The line containing "Заленський призначив розвідника" marks the start. Restate it and every following line through the end of the records exactly, and nothing else, leaving out the pictures.

(Captioned web image data)
- Opening Delimiter -

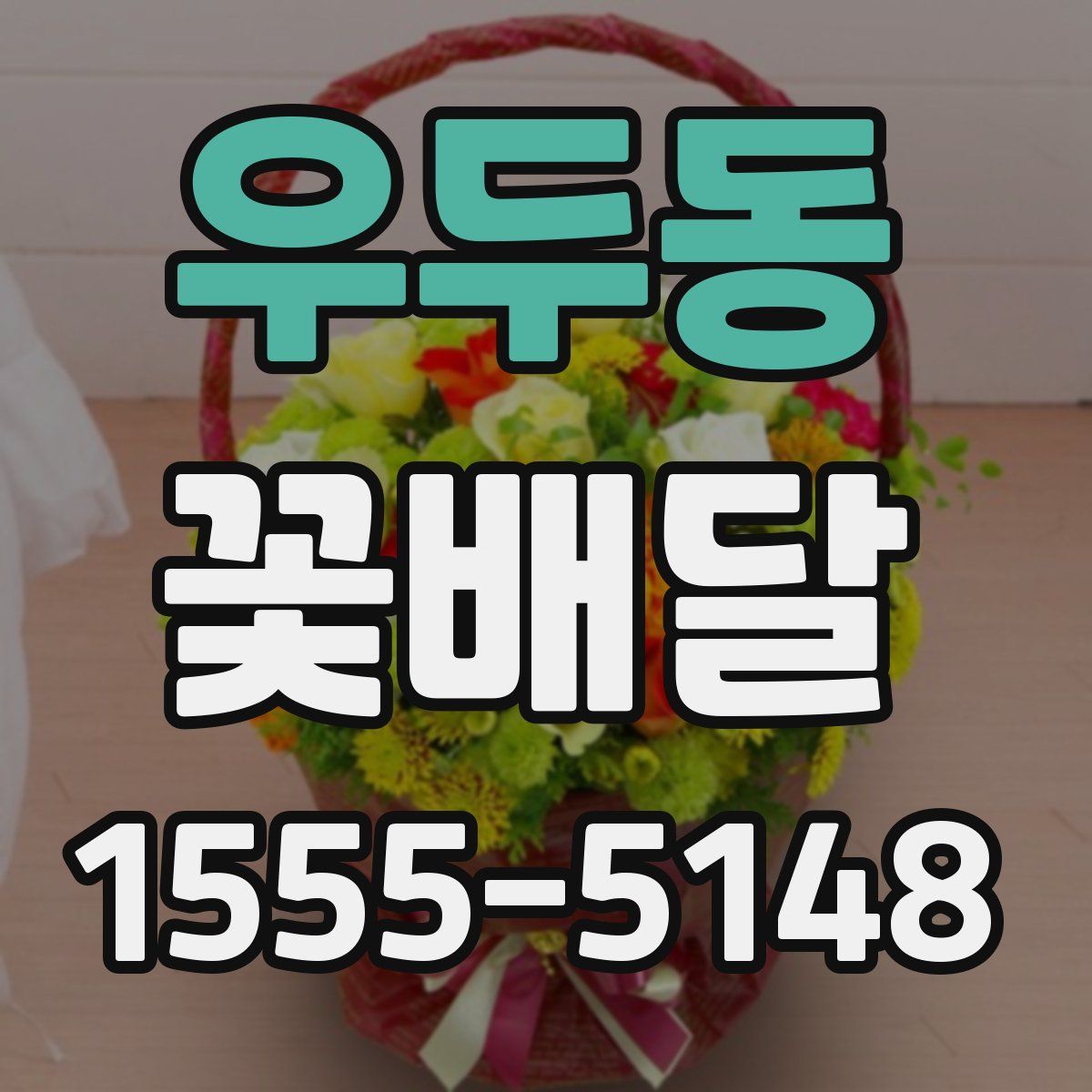 우두동 꽃배달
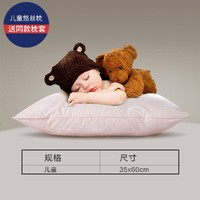 SOMERELLE 安睡宝 儿童A类标准美国进口七孔纤悠丝枕单只+送枕套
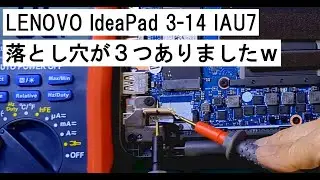 LENOVO IdeaPad 3 14IAU7 修理のご依頼です 落とし穴が３つ有りましたｗ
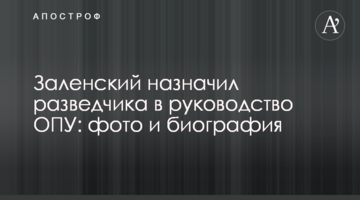 Заленський призначив розвідника в керівництво ОПУ: фото і біографія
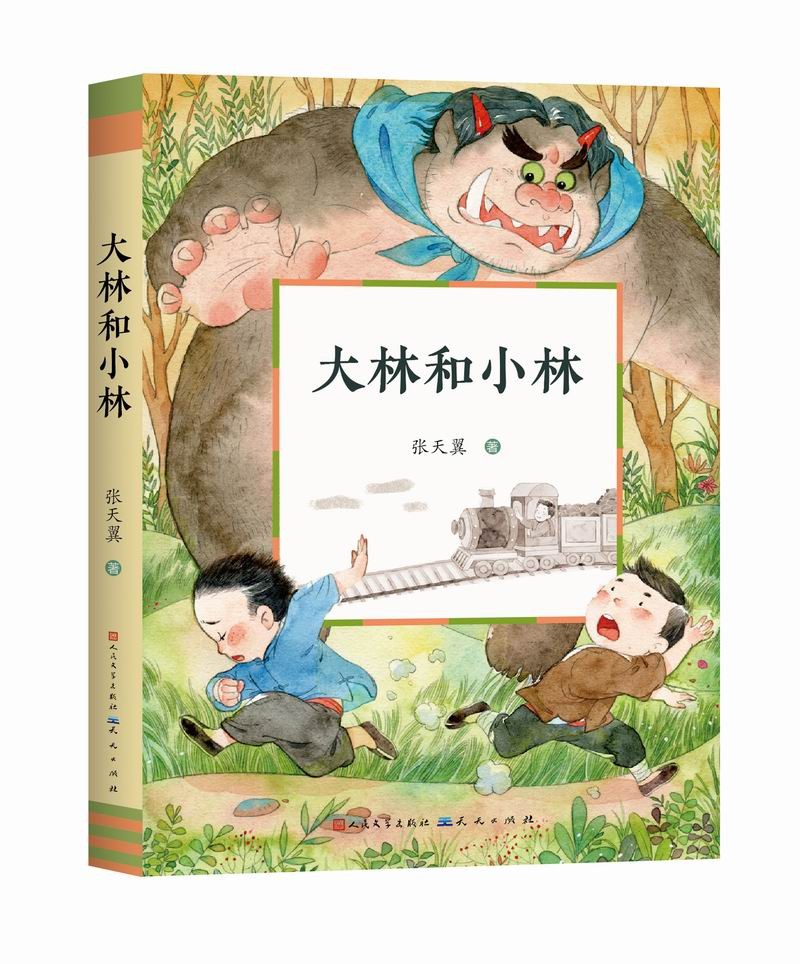 大林和小林(童话大师张天翼作品,中国现代童话的奠基之作,文字幽默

- Closing Delimiter -

◆ **SOLUTION TO THE EXERCISE**:
 Заленський призначив розвідника в керівництво ОПУ: фото і біографія
 大林和小林(童话大师张天翼作品,中国现代童话的奠基之作,文字幽默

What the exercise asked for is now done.